Have you ever pondered what people will say when you die? We often assume our eulogy will paint a picture of the best days we lived on earth. We tend to believe that people will remember us for all the good deeds we accomplished. However, such was not the case for King Rehoboam, son of King Solomon. At the end of his life, we find in 1 Chronicles an editorial comment by the author of this historical account, his take on the life of Rehoboam: “He did evil because he had not set his heart on seeking the Lord.”

Here’s what I believe we can learn from this description:

When the Bible says, “he did evil,” it should suffice to conclude that this person, well, committed evil, and that this is clearly a bad thing. We can safely conclude that we should ensure we don’t end up like him, and at the same time, avoid doing the things that led him into this debacle.

However, the Bible goes beyond this, offering a description of the single most important thing and characteristic of his life that led Rehoboam to obtain the tag of “evil“… the Bible says, “he did evil, because…” here is the reason why:

“… he did not set his heart on seeking the Lord.”

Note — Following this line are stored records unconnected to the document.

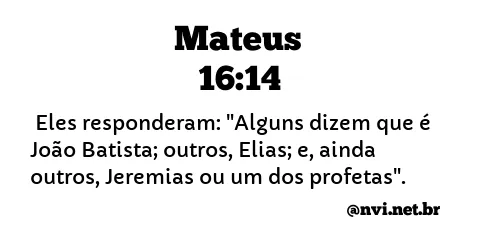 MATEUS 16:14 NVI NOVA VERSÃO INTERNACIONAL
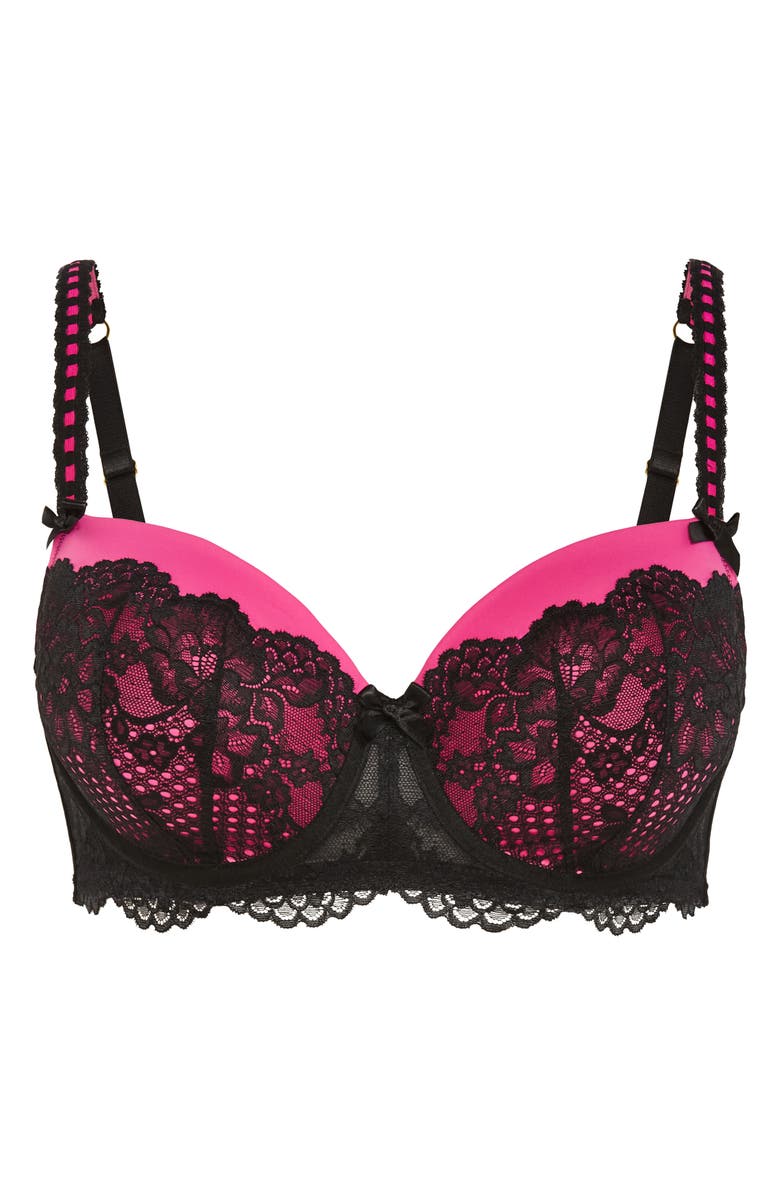 City Chic Leyla Contour Bra, Alternate, color, Black/ Pink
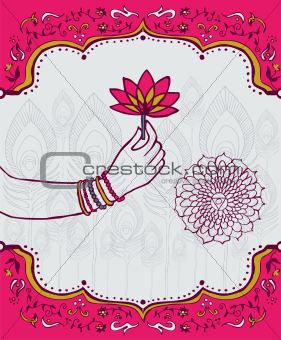 India lotus flower and woman hand background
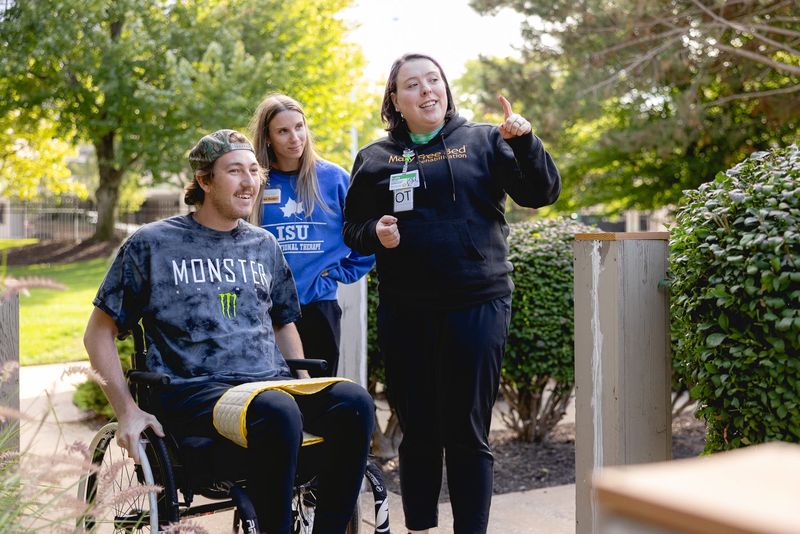Jason Norwood, 27, of Howell, participates in physical therapy Mary Free Bed Rehabilitation Hospital in Grand Rapids.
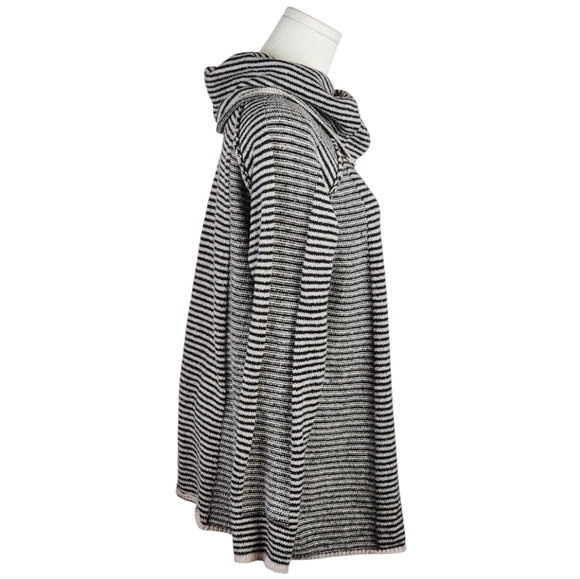 Lelis Black & Pale Pink Striped Cowl Neck Tunic Sweater S Cozy Lightweight Knit - Picture 10 of 10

What your heart seeks or loves is usually what you worship, and as a result, it also defines who you really are. If your heart seeks anything in a higher capacity than it does God, inevitably, it will lead to evilness since it’s only in God that we find our standard of goodness. St. Augustine said,

“For when we ask whether somebody is a good person, we are not asking what he believes or hopes for, but what he loves.”

So at the end of the road, the question that matters is, what is your heart seeking the most, what do you love the most? Notice the scripture says, “he did not set his heart…” It’s one thing to believe what you think you love or seek; it’s another thing to realize what it really is that your heart loves and seeks. Sin and evilness are expressions of our loves outside the order of the love structured in God, who is the very definition of good and love.

There are two things that we must be sure to pay attention to if we do not want to fall prey to evilness in our lives:

First, you must “set your heart,” Setting your heart is a lifestyle choice. It is possible to “seek the Lord” without having the “heart” set to seek the Lord. Setting our hearts means ensuring that our whole strength, mind, and heart are set to constantly and consistently seek the ways of the Lord.

We can do things that feel like we are “seeking God,” but if our hearts are not “set” on the Lord, then the things that we do are religious and shallow. For instance, we can attend church without wanting church to tend to us. We can read the Bible, and at the same time not want the Bible to read us, etc. And it sure can feel as though we are seeking and serving God, but if our hearts are not constantly and consistently positioned toward him, without exercising our hearts to constantly desire his will, without training our lives to the spiritual disciplines so that we can understand the importance of being one with God, then our worship and service to God can be shallow, and eventually lead to evilness.

Second, you must “seek the Lord.” This speaks to the idea that we must want to do his will. Seeking the Lord for what? One may ask. For his will. Jesus said, “Let your will be done.” When we seek the Lord for his will, it gives us the freedom to first, surrender our wills, and second, to give him authority over our lives. And when we do this, we set our hearts to trust him fully.